── Data block ──
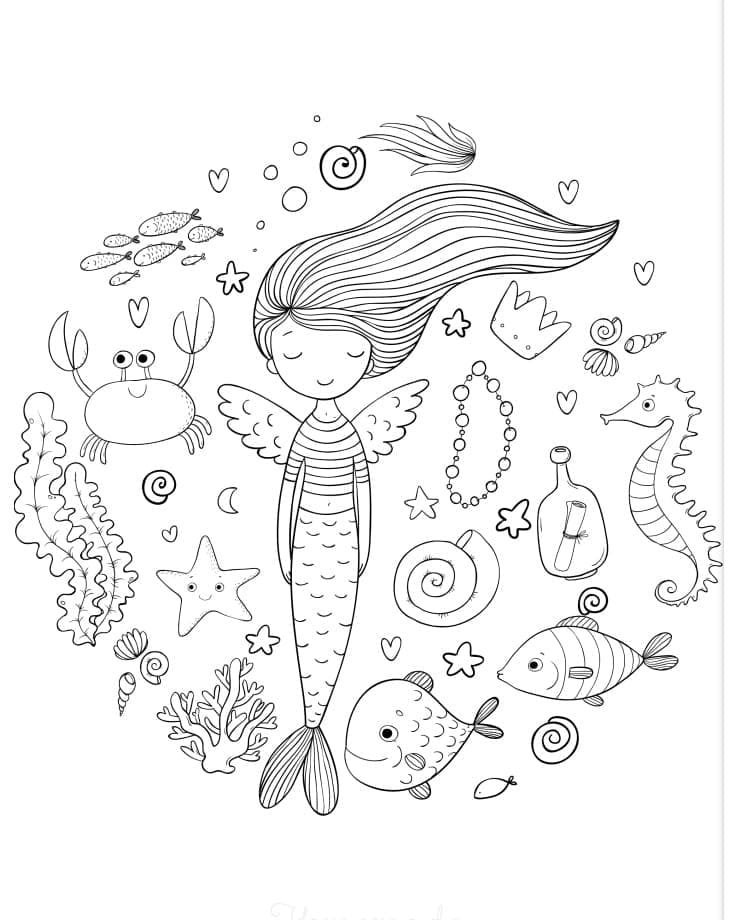 귀여운 인어와 바다 동물 coloring page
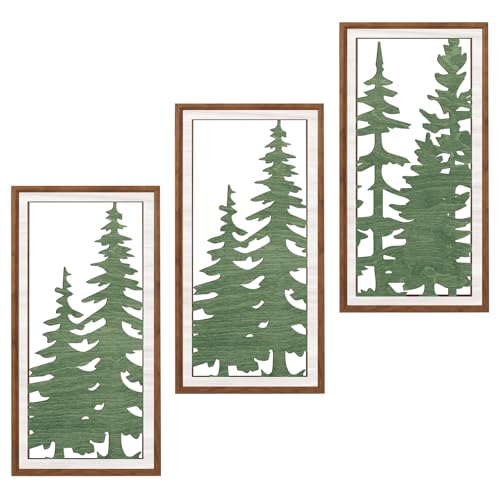 BINCUE Pine Tree Wall Art Boho,Forest Wall Decor,Green Tree Hanging Decor,Modern Mid Century Decor,Boho Wood Artwork Plants Leaves,Bohemian Prints for Home Living Room Bedroom Bathroom 8x16 Inches - color: Green Tree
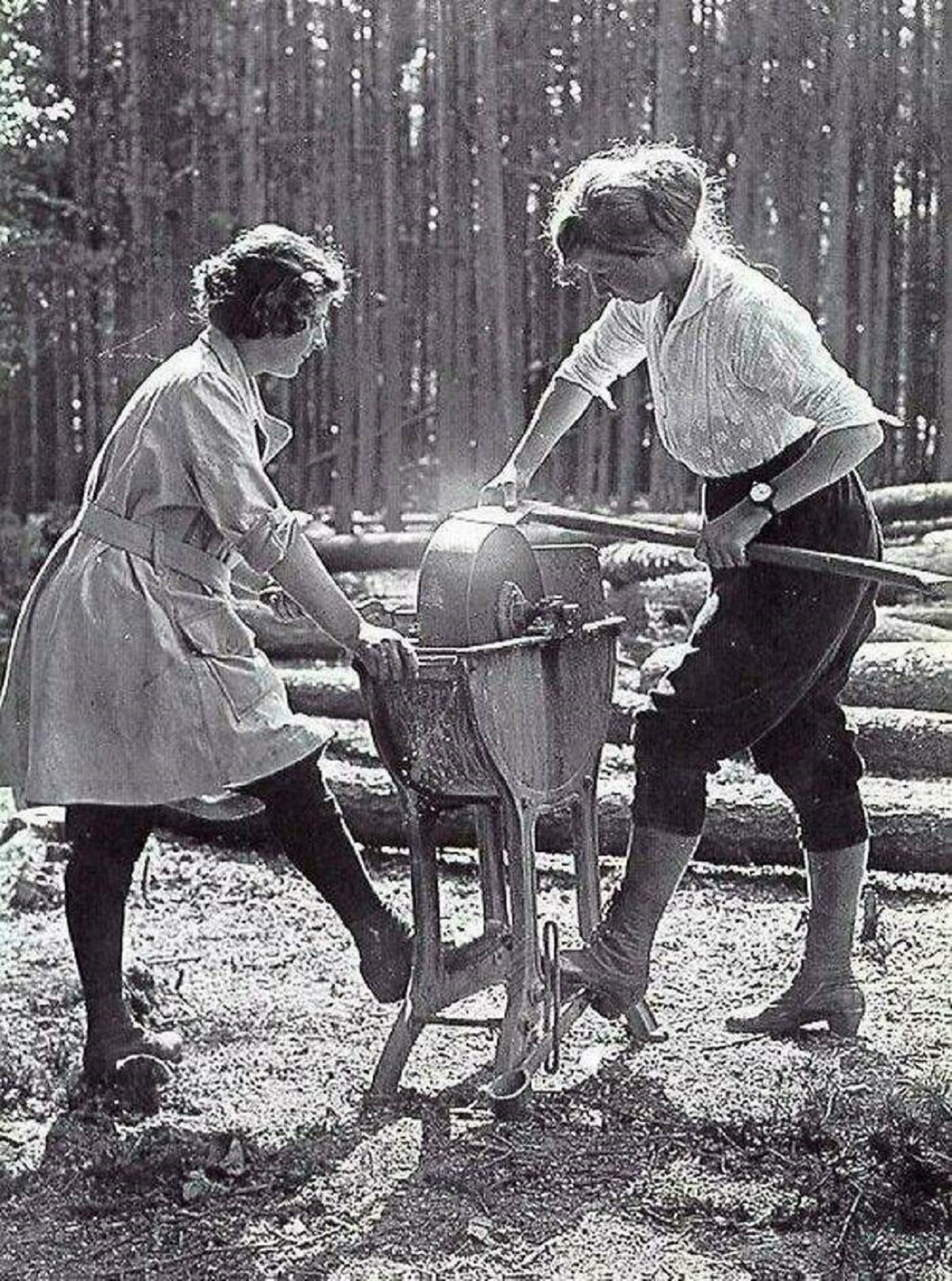 "Two Women Grinding An Axe, 1918"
───
● Assigned task
Starting with the line that holds "BINCUE Pine Tree", reproduce exactly each line up to and including the last line of the material above, and drop the pictures.

● Output for this exercise
 BINCUE Pine Tree Wall Art Boho,Forest Wall Decor,Green Tree Hanging Decor,Modern Mid Century Decor,Boho Wood Artwork Plants Leaves,Bohemian Prints for Home Living Room Bedroom Bathroom 8x16 Inches - color: Green Tree
 "Two Women Grinding An Axe, 1918"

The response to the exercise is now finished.